* [Task prompt]:
Everything in the records below except the images should be output exactly as written.

- - - -

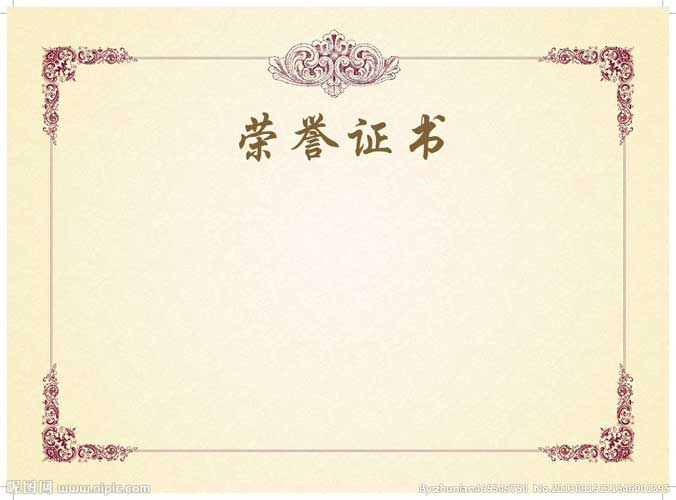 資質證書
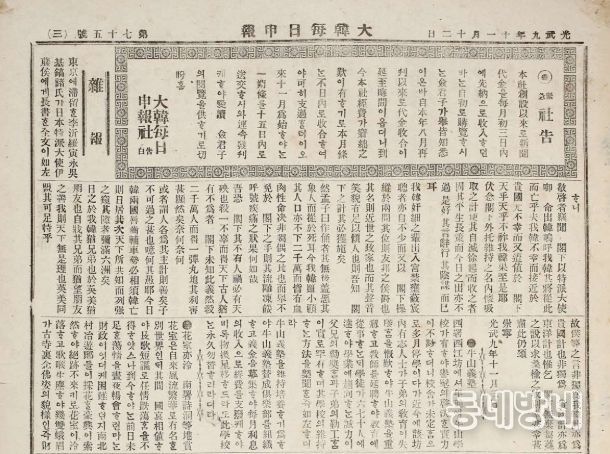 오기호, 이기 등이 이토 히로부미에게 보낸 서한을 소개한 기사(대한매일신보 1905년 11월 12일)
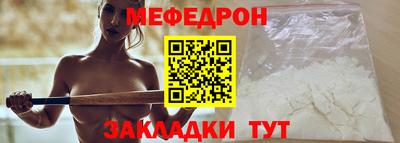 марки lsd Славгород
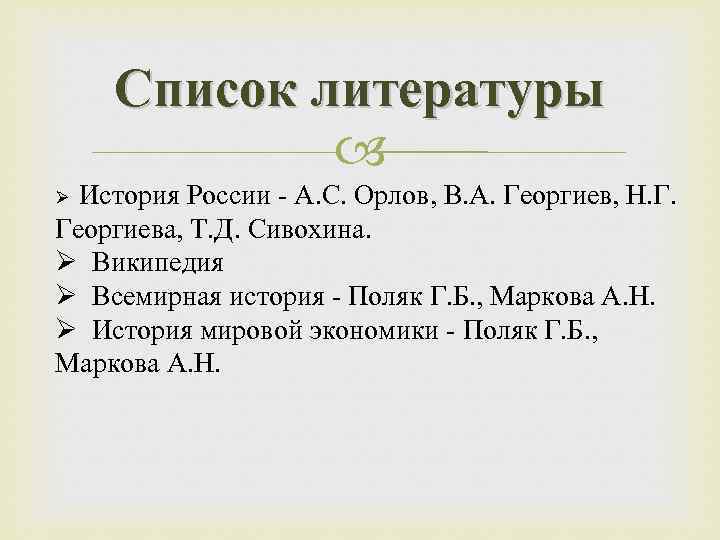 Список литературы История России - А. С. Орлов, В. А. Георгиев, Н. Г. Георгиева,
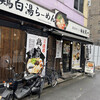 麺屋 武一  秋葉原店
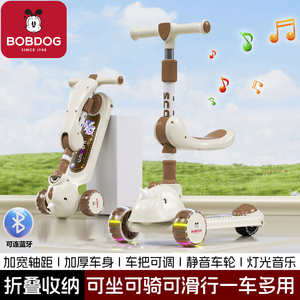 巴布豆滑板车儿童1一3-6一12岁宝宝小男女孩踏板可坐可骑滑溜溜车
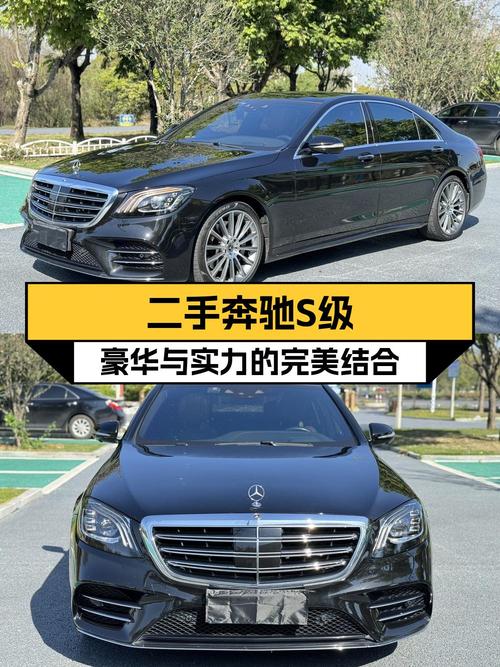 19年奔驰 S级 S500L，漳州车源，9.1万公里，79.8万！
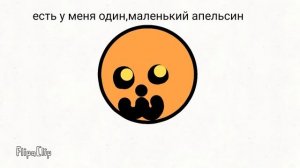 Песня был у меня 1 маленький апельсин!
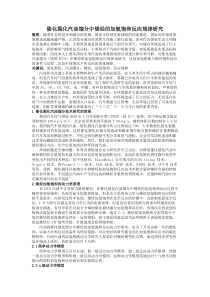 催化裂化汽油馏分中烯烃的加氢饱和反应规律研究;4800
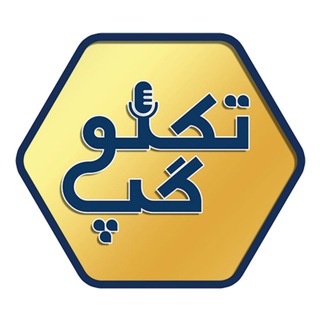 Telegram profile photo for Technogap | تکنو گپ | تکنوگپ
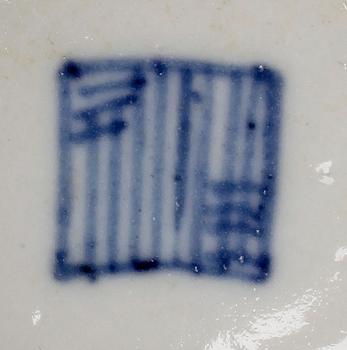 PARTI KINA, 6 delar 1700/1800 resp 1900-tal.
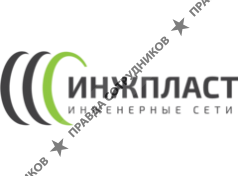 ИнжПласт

- - - -

* [Exercise response]:
 資質證書
 오기호, 이기 등이 이토 히로부미에게 보낸 서한을 소개한 기사(대한매일신보 1905년 11월 12일)
 марки lsd Славгород
 Список литературы История России - А. С. Орлов, В. А. Георгиев, Н. Г. Георгиева,
 麺屋 武一  秋葉原店
 巴布豆滑板车儿童1一3-6一12岁宝宝小男女孩踏板可坐可骑滑溜溜车
 19年奔驰 S级 S500L，漳州车源，9.1万公里，79.8万！
 Песня был у меня 1 маленький апельсин!
 催化裂化汽油馏分中烯烃的加氢饱和反应规律研究;4800
 Telegram profile photo for Technogap | تکنو گپ | تکنوگپ
 PARTI KINA, 6 delar 1700/1800 resp 1900-tal.
 ИнжПласт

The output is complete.